Postby AdamMZ » Fri Mar 30, 2018 10:48 pm

I posted that very late at night. I fell asleep at 1:30 am. Now I woke up, feeling less sad. I can finally try to let go my emotional side a little bit and try to find for solution more logically.

The cause of this problem is me feeling extremely jealous towards other people's art. I love drawing and recently I focused on digital painting and animating too but I feel extremely jealous at other people's work. No matter how much I told myself about handling jealousy, I will still feel jealous. And I was angry because art is suppose to be fun and not like this.

But recently, I thought up of a solution. I followed people on twitter and instagram for inspirations, so why don't I go to artstation.com instead? I can easily ignore their usernames, there are so many professional art there, and people go there for something more professional stuff and not casual meaning I won't see a normal lengthy conversation there that made me feel bad because I'm not a normal person. If I were to find inspirations for animation, I'll go to Youtube and search for 3D animations or go to Newgrounds. (Don't go to Newgrounds. It's more for mature people) So yeah, I already unfollowed a lot of people on both twitter and instagram.
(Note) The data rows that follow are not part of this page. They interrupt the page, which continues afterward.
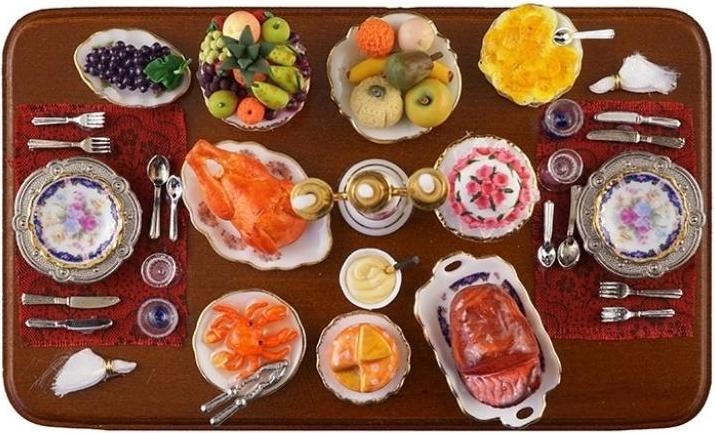 Produktbild Reutter 001.834/0 - Candle Light Dinner Tisch, Miniatur
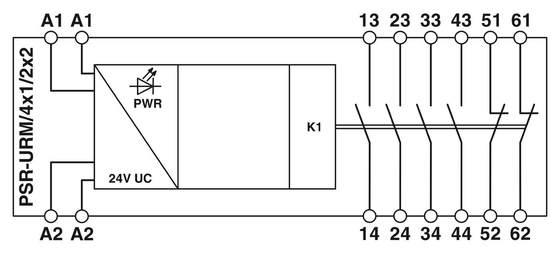 Schutztheorie Spannungsrelais 2981457 PSR-SPF-24UC/URM/4X1/2X2 Kupplungsrelais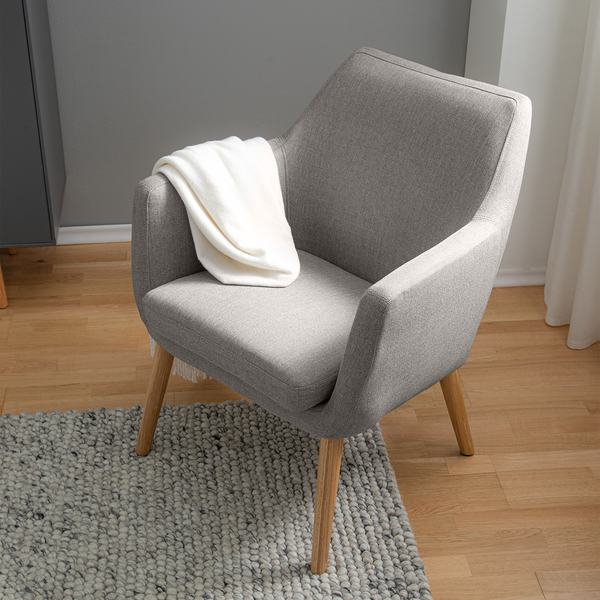 Loungesessel NICHOLAS - Webstoff Cors: Granit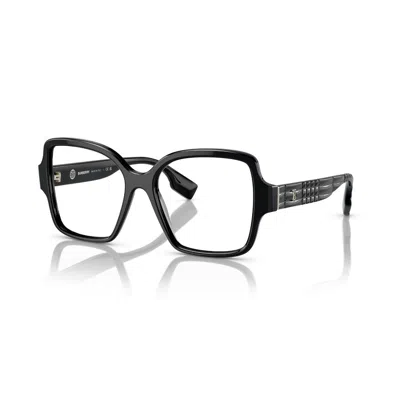 Burberry Demo Square Ladies Eyeglasses Be2374 3001 54 In Black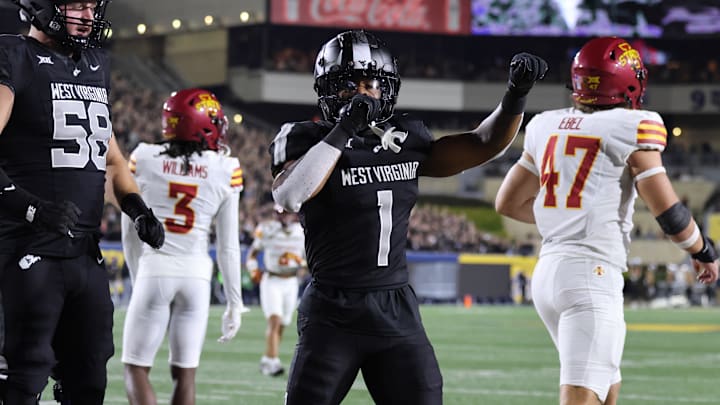 West Virginia University running back Jahiem White West Virginia University running back Jahiem White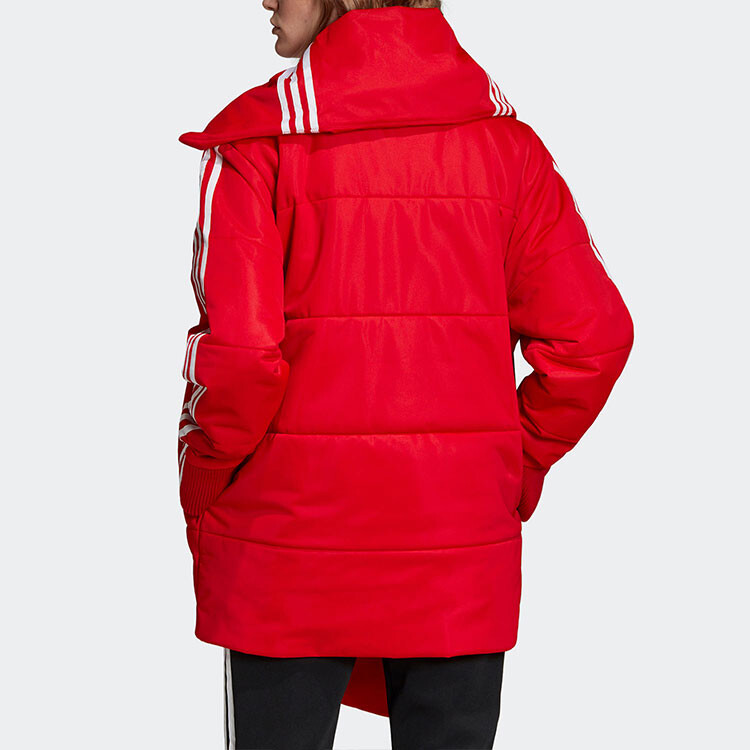 Женская стеганая куртка Adidas Originals, цвет Scarlet — фото 4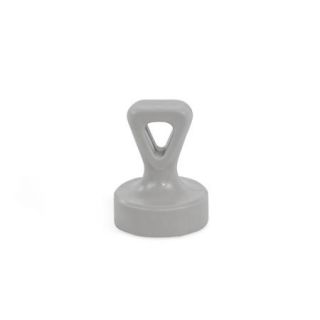 GN-53.3-Magnets-Disk-Shaped-with-Handle-with-Plastic-Housing-B-With-eyelet-GR-Gray-RAL-7040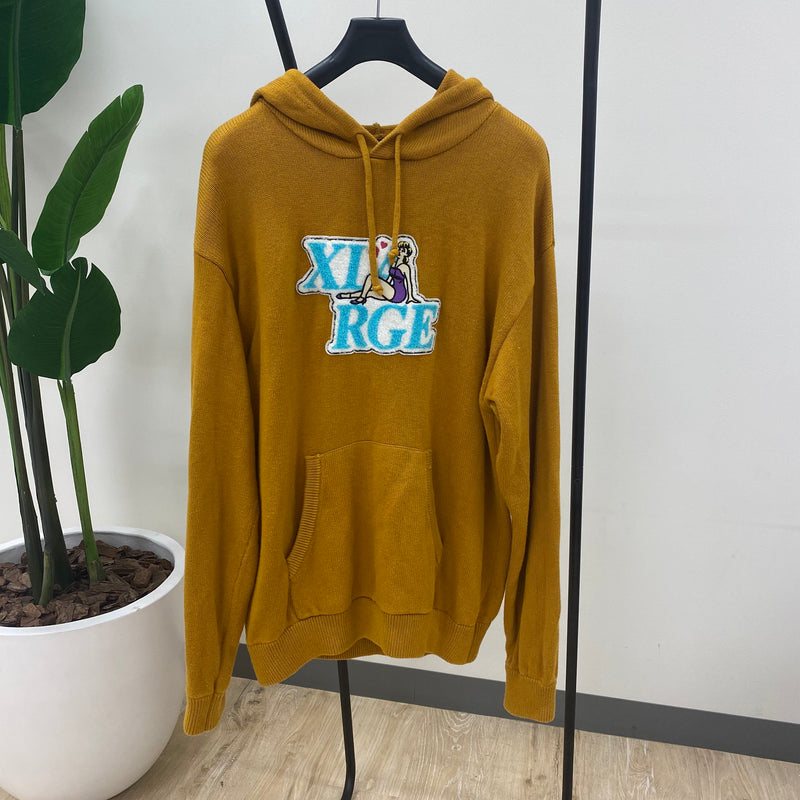 [Futeko] XLARGE knit hoodie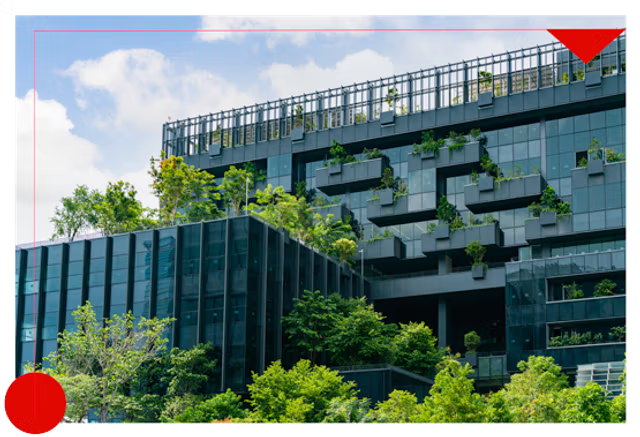 Modern ESG Building
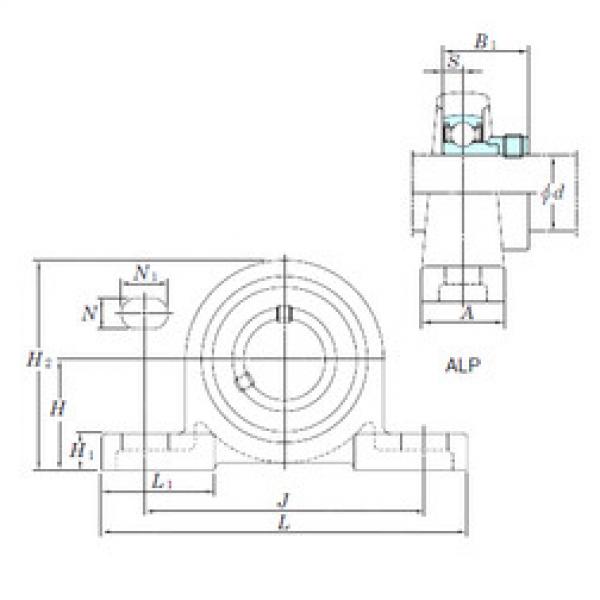 Подшипник ALP202 KOYO #1 image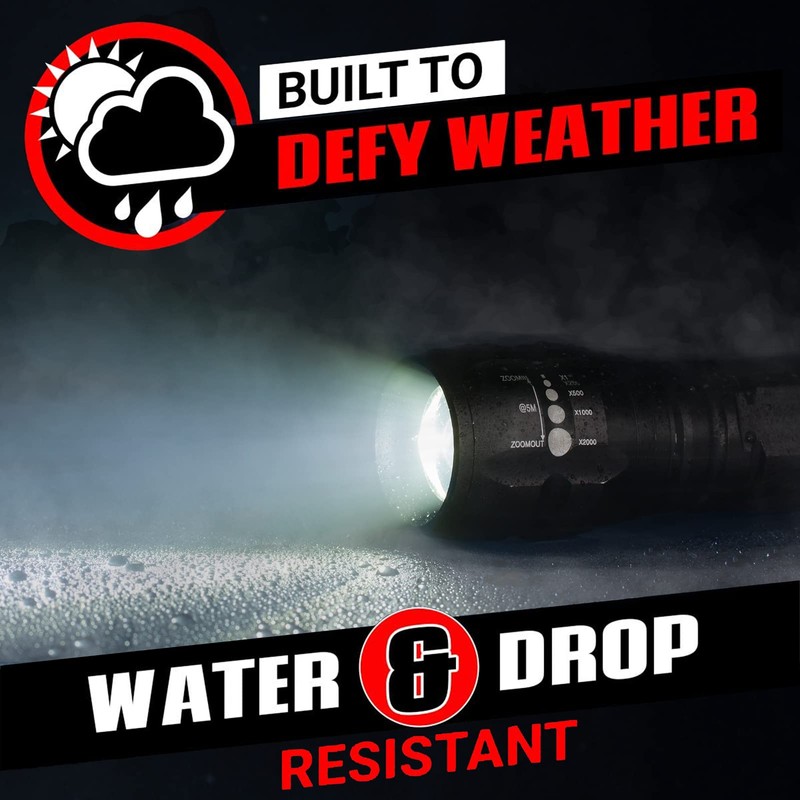 GearLight LED Flashlights - Mini Camping Flashlights with High Lumens,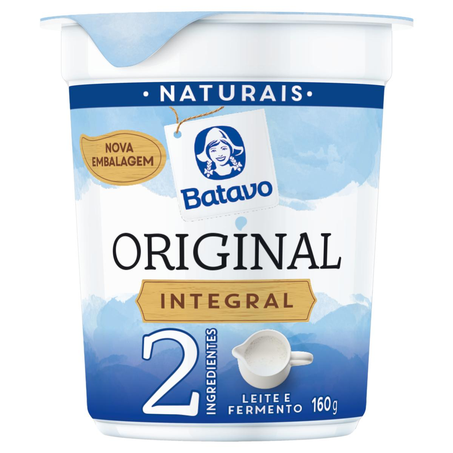 Iogurte Batavo 160g - Natural - Integral
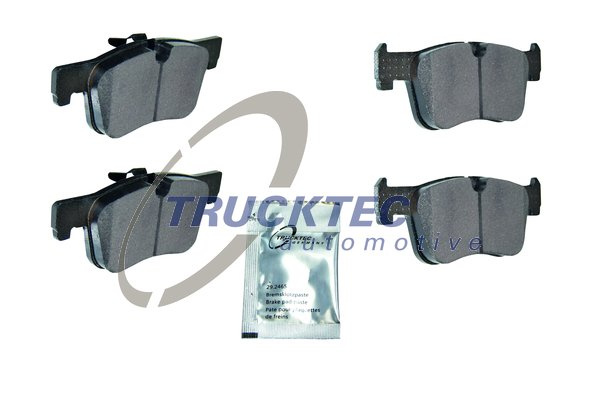 Set placute frana,frana disc punte fata (0834179 TRUCKTEC) BMW
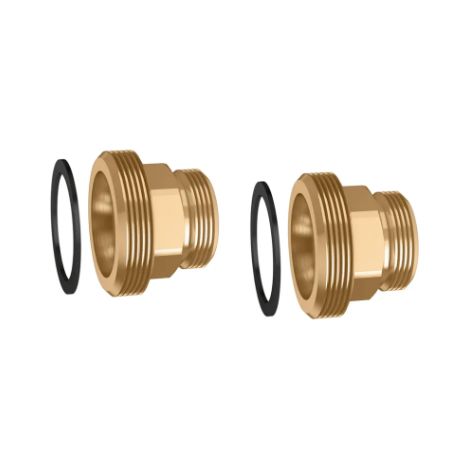 Paar Stopfen mit Dichtung Caleffi 559002 1 1/2"M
I don't wanna see their art or their daily normal life again. (Besides, I wasted my time a lot on Twitter and instagram every morning)

So basically, my solution to jealousy is to embrace loneliness? Look, most of the time in my life, I don't feel anything about being lonely. I don't feel sad when I watch Youtube videos alone, or drawing alone, or doing everything alone. Yeah, at some point I do need someone to help me which is why I don't live in a separate house. I live with my family. Even though they suck at taking care of me, at least they are there. At least they leave me alone.

Well, there's nothing else to say now. Let's see if this works.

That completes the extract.